■ **EXERCISE INSTRUCTIONS**
An exact copy is all that is wanted: the lines from the one with "Tajemn chlap" through the end of the listing below, both included, minus any pictures.

■ **STORED DATA**

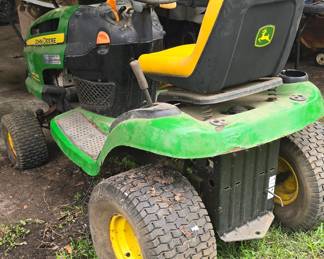Back of Mower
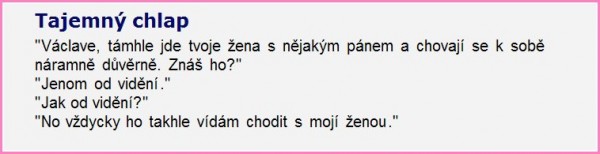 Tajemn chlap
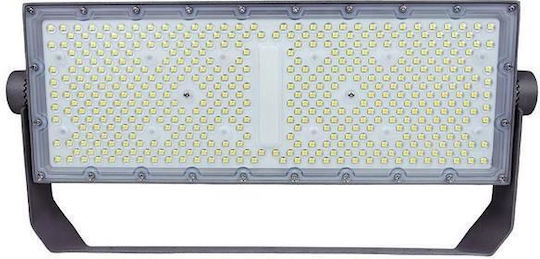 Eurolamp Στεγανός Προβολέας LED 250W Ψυχρό Λευκό 5000K IP66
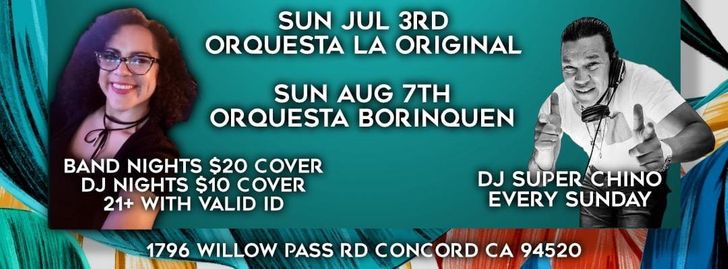 Rumba Sundays At The Office - Concord, CA | DanceUs.org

■ **RESPONSE TO THE TASK**
 Tajemn chlap
 Eurolamp Στεγανός Προβολέας LED 250W Ψυχρό Λευκό 5000K IP66
 Rumba Sundays At The Office - Concord, CA | DanceUs.org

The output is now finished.